Shares of electric vehicle (EV) maker Fisker (NYSE: FSR) tanked last week after the company released its third-quarter financial and operational report. The stock is down 36% since last week’s report.
But the EV start-up provided another update on Friday, and investors are now buying the dip. Shares popped as much as 11% this morning, and remained higher by 6.7% as of 10:35 a.m. ET.
Investors crushed the stock after the company said it only delivered about 1,100 vehicles in the third quarter even after it produced 4,725 EVs. The company noted in the release that deliveries accelerated in October, but that didn’t stem the flow out of the stock.
On Friday, Fisker said it had “changed its distribution strategy to rapidly increase global sales and deliveries.” That has led to a record day for deliveries of its Ocean electric SUV. The 107 vehicles delivered last Thursday represented about 10% of what it shipped in the entire third quarter in just a single day. Fisker said its new strategy includes staffing its own delivery locations with Fisker employees. It also has added transportation logistics partners to more quickly deliver customers’ vehicles.

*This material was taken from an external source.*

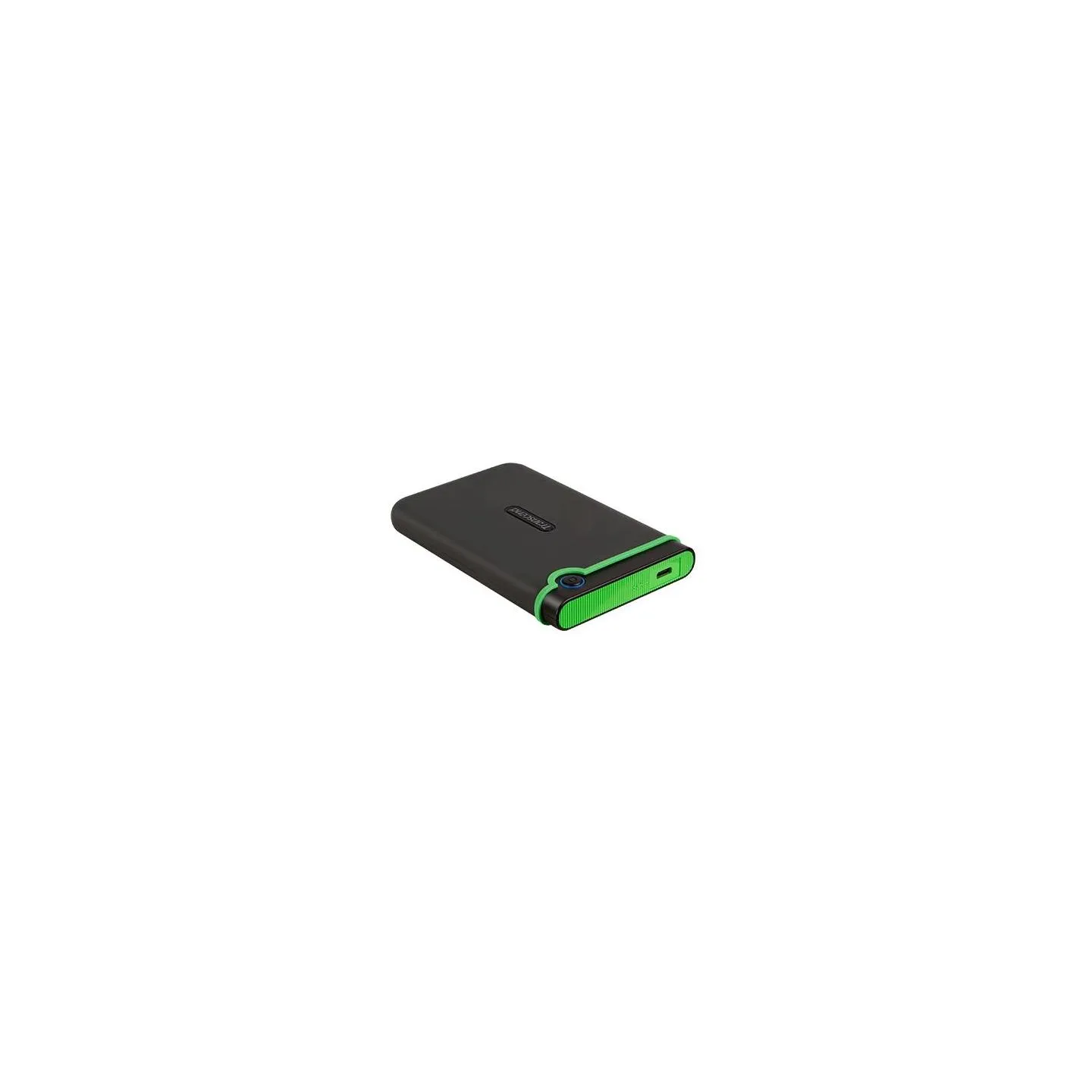 Transcend External HDD|TRANSCEND|StoreJet|TS2TSJ25M3C|2TB|USB 3.1|Colour Green|TS2TSJ25M3C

The improvement on deliveries will make a big difference in revenue, but it really is just an incremental — though important — improvement for the overall business. The record day of deliveries last week generated more than $7.5 million in revenue for Fisker. For perspective, compare that single day to the nearly $72 million it generated for the entire third quarter.
But Fisker still has a long way to go to achieve profitability. It is counting on a growing slate of vehicle offerings, including an affordable car meant for urban life and a pickup truck due to launch in the next few years.
While investors are noting the progress reported on Friday, the stock likely won’t have a meaningful catalyst to recover its recent losses until the company shows it can sustain a growing production and delivery rate.